Your points #12 & #13 cover a lot of what I would have liked to see on 
the front page. (That and enough context for someone new to known what 
they are talking about.)

> The step function learning problem is largely (I believe) one of 
> learning how to design a recognition specification subject to the 
> available mechanics of the Antlr language operators.
>
Oddly I was having a blast building and debugging my grammar.
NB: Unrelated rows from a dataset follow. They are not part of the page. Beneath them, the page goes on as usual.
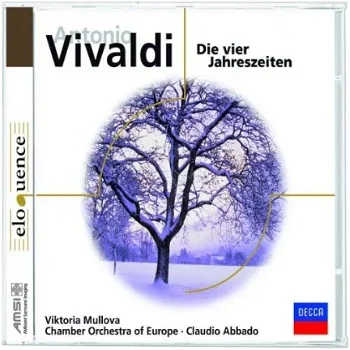 CD - vivaldi - Viktoria Mullova, VIOOL - Die vier Jahreszeiten - 0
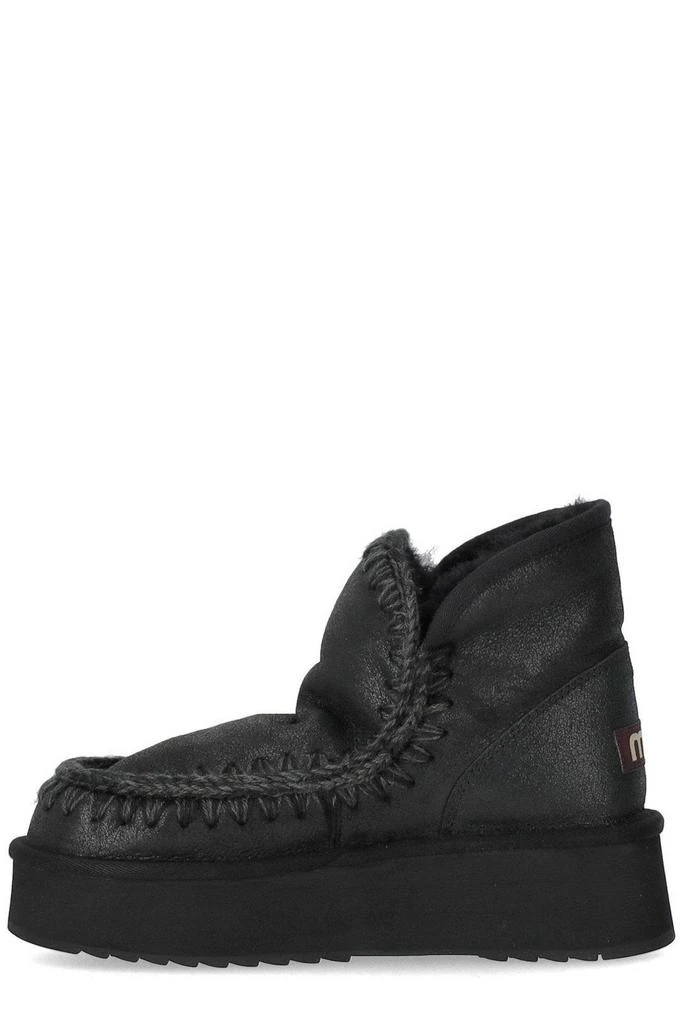 Mou Mou Eskimo Platform Boots 2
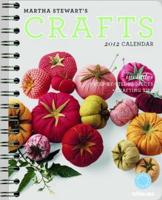 2012 Martha Stewart's Crafts Deluxe Diary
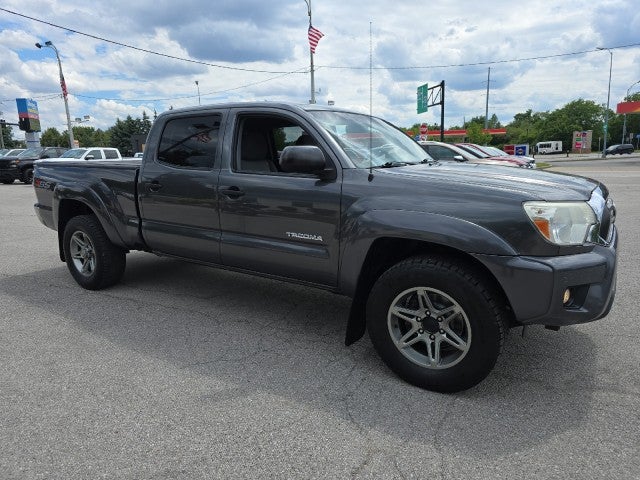 2014 Toyota Tacoma
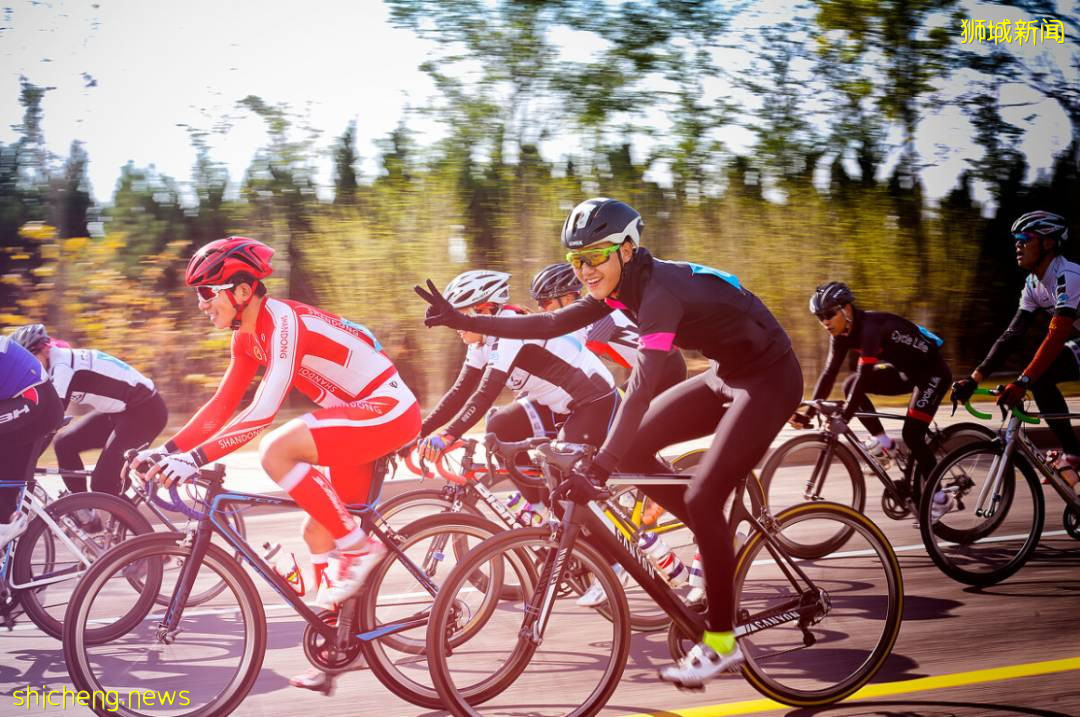 新加坡哥斯拉骑行路线了解一下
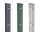 TYP P - fix Anthrazitgrau RAL7016 1030mm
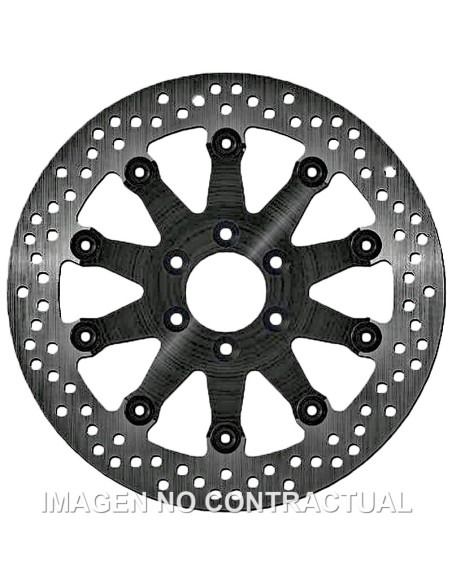 DISCO FRENO SBS 5307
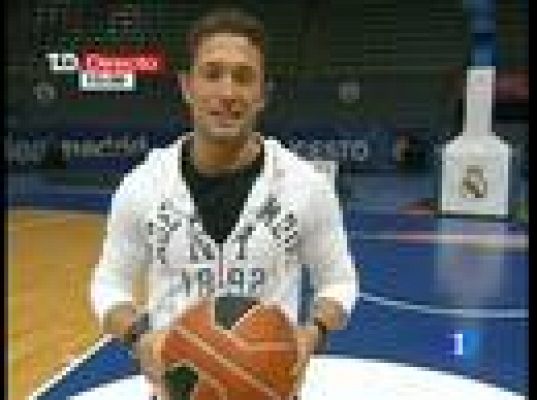 Baloncesto en RTVE - Canastón en directo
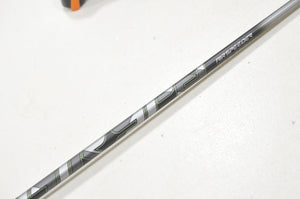 Fujikura Air Speeder 2025 Senior Flex 50g TaylorMade Qi35 Driver Shaft #227526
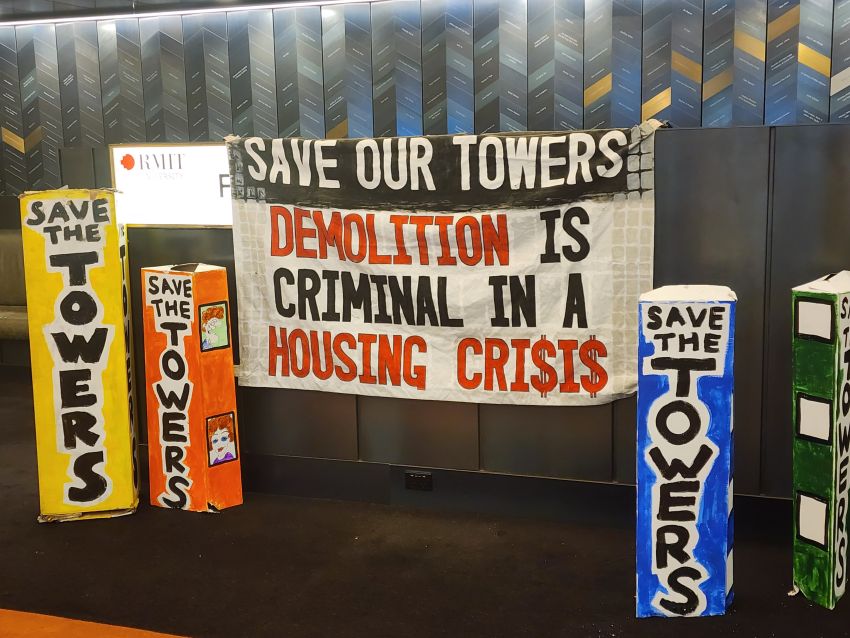 no demolitions no demolitions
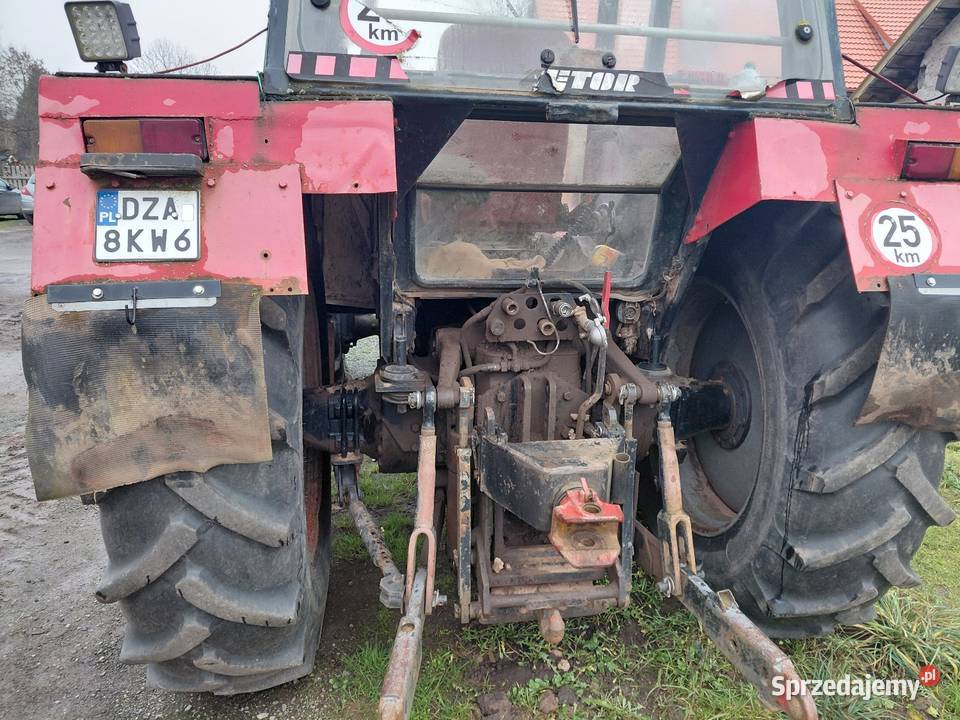 Zetor 12145 Wolibórz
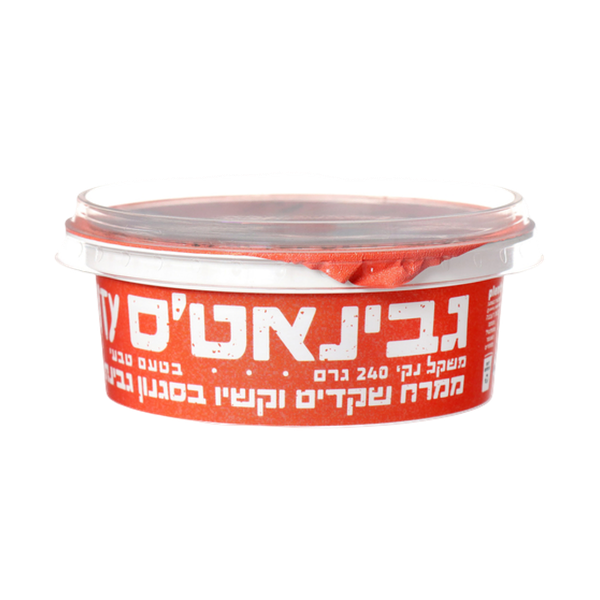 Gevinats almond and cashew cheese-style spread 9% fat plenty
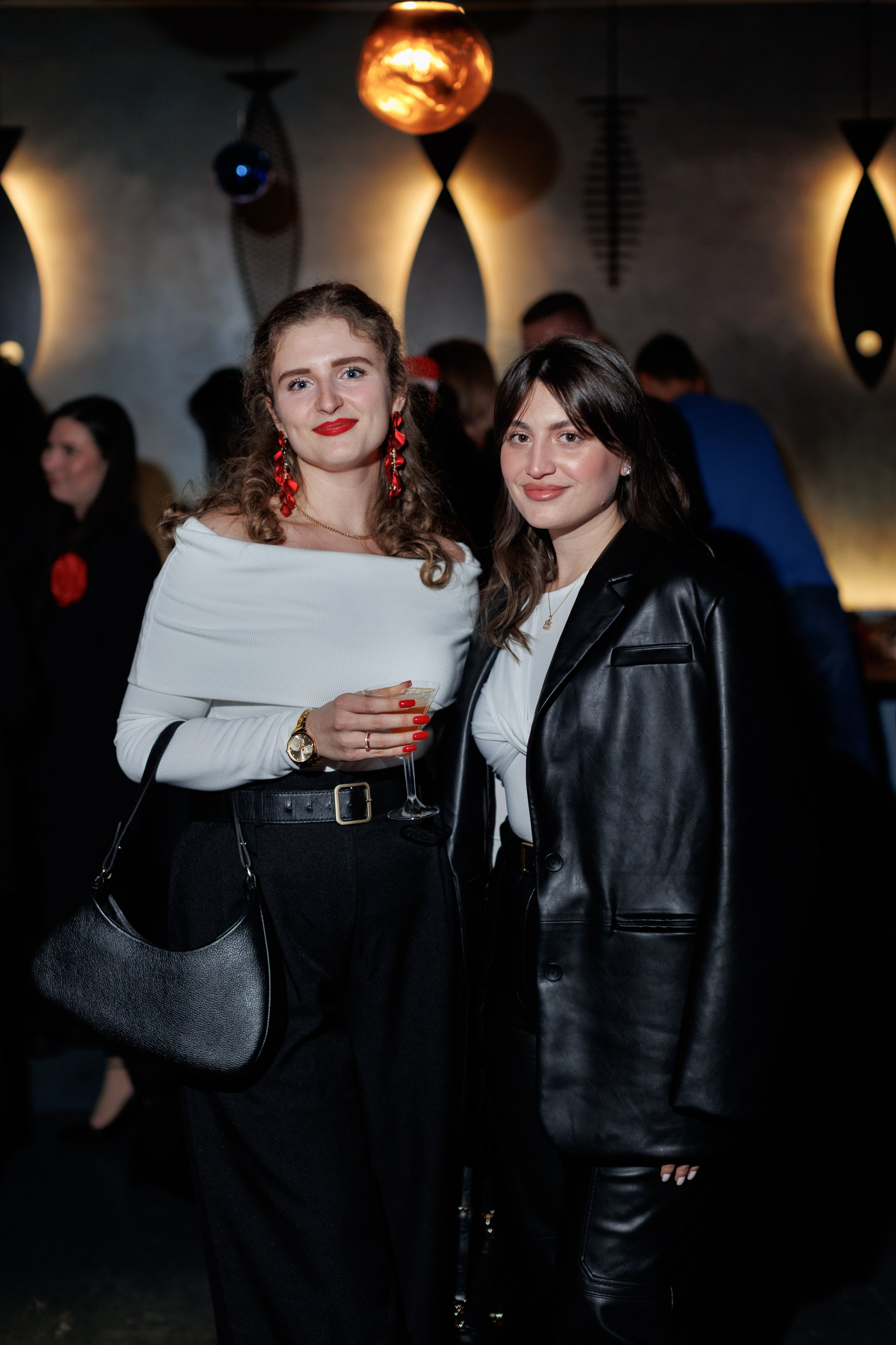 New Year Подружки 23/2024. Свадебный, портретный и репортажный фотограф Дмитрий Карпов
It was 
when I started trying to put int actions that stuff got difficult.

> That said, there are a number of caveats* that could be shared with 
> those new to Antlr**:
>
> 10) Use predicates to make clear what your code means.
> 11) Unless performance is absolutely your top 6 design requirements, 
> don't worry about using predicates.
that would be "don't worry about what predicates /cost/"?
>
> 12) Don't try to do too much in the lexer.  The parser is more 
> powerful anyway.
> 13) Don't try to do too much in the parser.  Use tree-walkers to 
> evolve an AST.

> 14) Don't try to dump complex blocks from a parser or AST.  Use 
> StringTemplate to unparse.
Does this hold if the final output is not a text file (e.g. in memory 
structures or a binary data file)
> 15) Actions (brace delimited statements) can be inserted almost anywhere.
Yah, I wish I'd noticed that one sooner.